José Campeche y Jordán

(San Juan, Puerto Rico, 1751–1809)

Doña María Catalina de Urrutia

Puerto Rico, 1788

Oil on wood panel, 39 × 28 cm

Inscribed, lower right: “Retrato / de la S.ra D.a Ma/ ria Catalina de / Vrrutia, / Año de 1788.”

New York, The Hispanic Society of America, LA2394

José Campeche y Jordán was born in 1751 in San Juan, Puerto Rico, the son of Tomás de Rivafrecha [Campeche], an Afro-Hispanic freedman who worked as a gilder, decorator, painter, and shop owner. His mother was María Jordán, who came from the Canary Islands. José was trained as an artist, initially under his father, and as a musician. In 1775, Luis Paret y Alcázar (1746–1799), a master painter and one of the most important artists in Spain in the late 18th century, was exiled to Puerto Rico because of a scandal that had erupted in the circle around his royal patron, the Infante don Luis de Borbón. Paret trained Campeche in the then-prevalent Rococo style, and Campeche adopted Paret’s fluid yet small-scale brushwork and luminous colors. Paret returned to Spain in 1778. Thereafter, Campeche was the principal portraitist of the colony as well as a religious painter, while continuing his career as a musician and organist. His smallscale portraits, especially those showing elegantly dressed ladies either in the rich Rococo interiors of San Juan or riding in the countryside, are considered his most representative works.

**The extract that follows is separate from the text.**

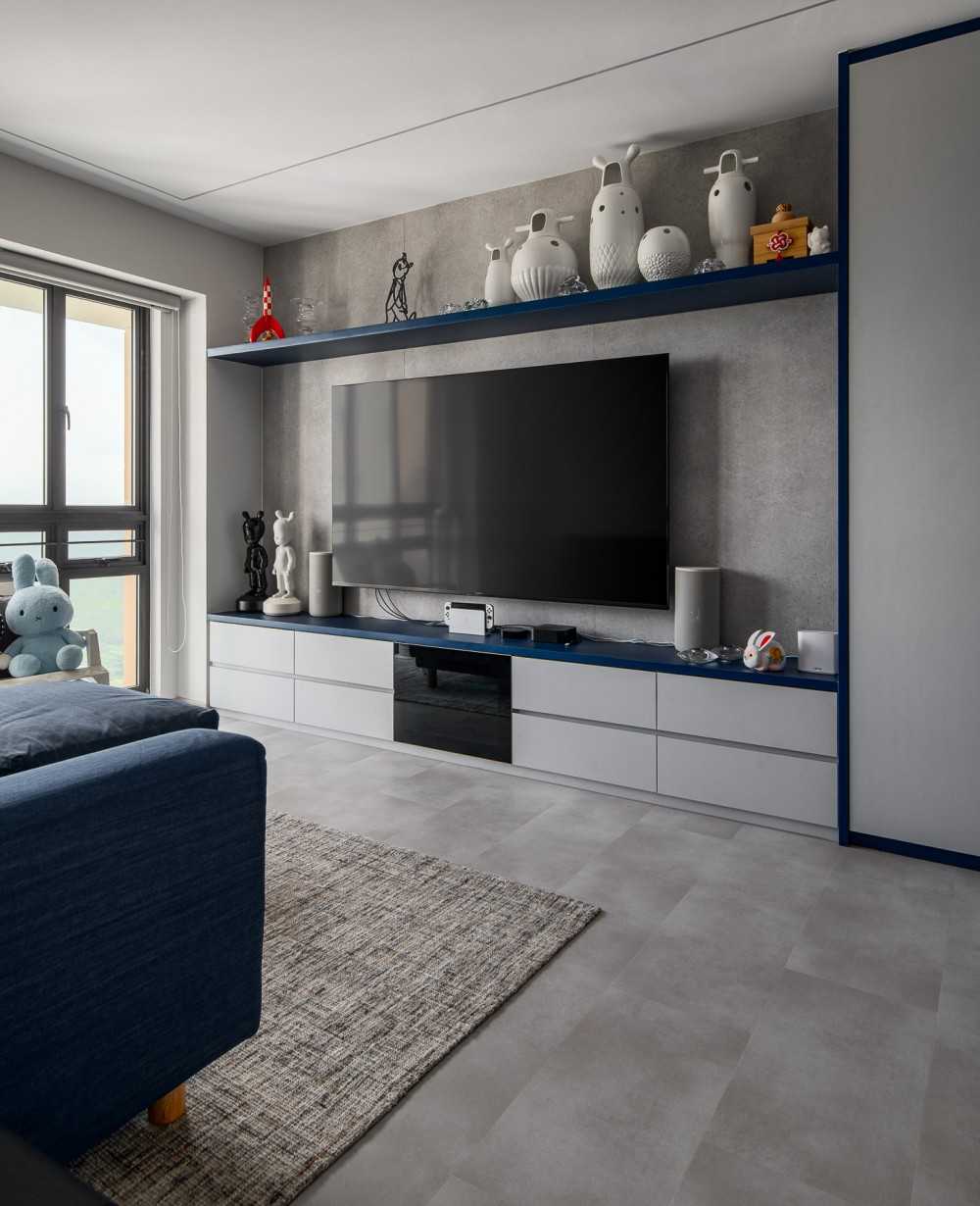 Scandinavian Living Room with Vinyl Flooring and TV Console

María Catalina de Urrutia was a member of an important Cuban criollo (locally born, in 1749, of European descent) landowning family; her father, Bernardo de Urrutia y Matos, was mayor of Havana. In 1766, she married Colonel Juan Andrés Dabán y Busterino (1724–1793), a Spanish military officer and government administrator of Aragonese descent, who served as Governor and Captain General of Puerto Rico, 1783–89. Dabán had been the Military Inspector of Cuba in the mid-1760s; it was apparently while he was there that he became engaged to doña María. In Puerto Rico, Dabán supervised recovery efforts after hurricanes, established a postal system, began the system of paving streets and sidewalks with blue volcanic ballast stones from the Canary Islands, and founded a tobacco factory exporting to the Dutch. He was promoted to Field Marshall, and after returning to Spain, served as Governor of Badajoz, Extremadura, from 1792. The date of don Juan and doña María’s return to Spain is uncertain.

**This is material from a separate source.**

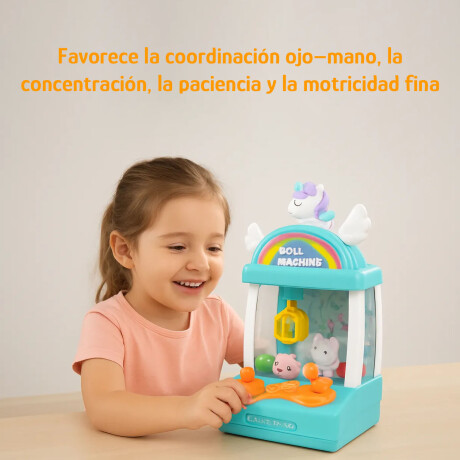 Máquina Atrapa Premios Infantil Con Luces Sonidos Unicornio Rosa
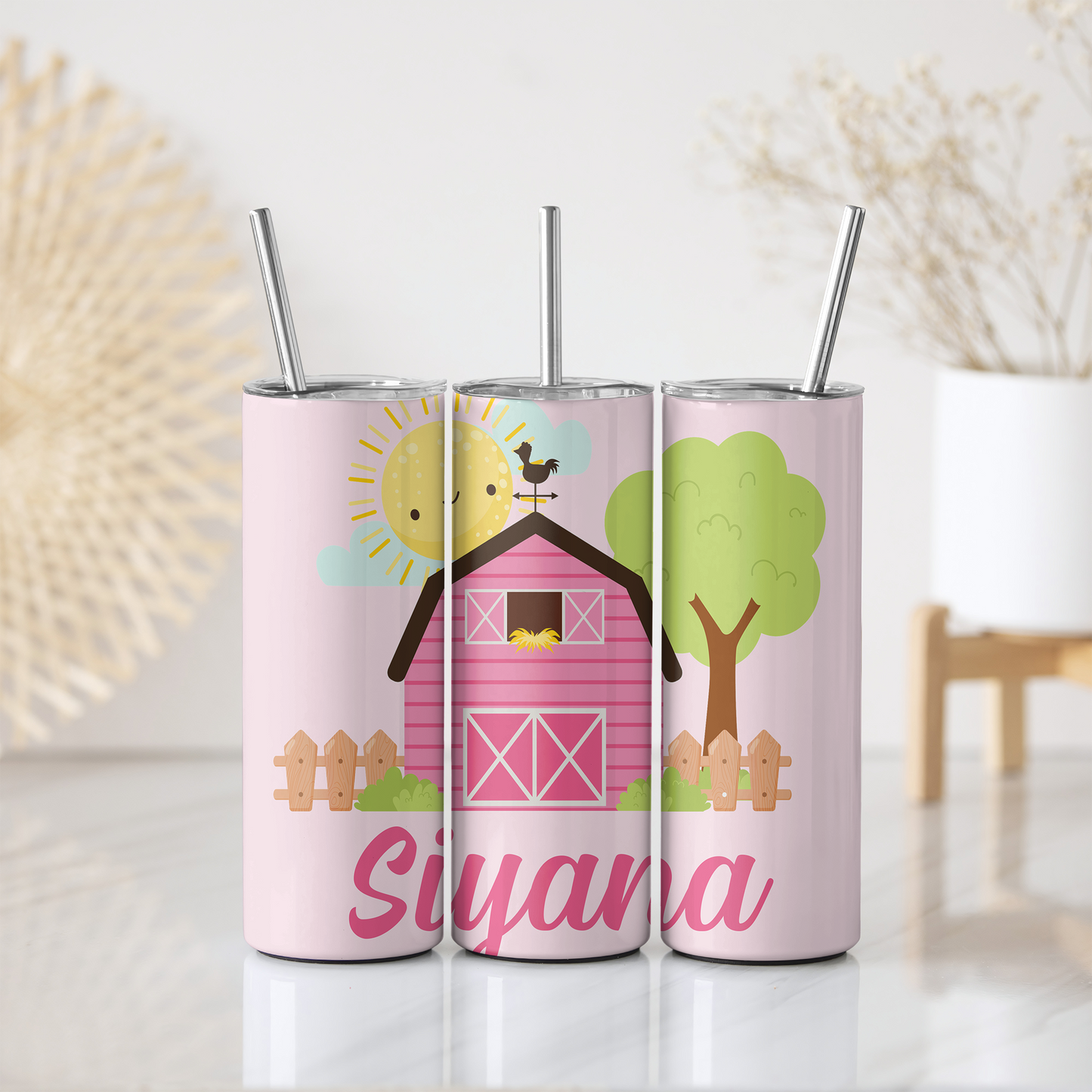 Pink Barnyard Skinny Tumbler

Doña María is shown in the main salon of the Governor’s palace in San Juan; the details of the room’s Régence-style (Rococo) decoration may be admired in the background to the left. A portrait of Dabán (private collection, Spain), of the same size and date, may have been painted as a pendant to the Hispanic Society’s picture. Campeche also portrayed Doña María with her young son at her side in a similar, but not identical, composition of the same size that bears a date of 1792 (Museo de Arte de Ponce, Puerto Rico). The Hispanic Society’s picture was apparently sent back to Cuba, where it descended in the Ramírez de Villa Urrutia family until they returned to Spain in the early 20th century, following the Spanish-American War and Cuban independence.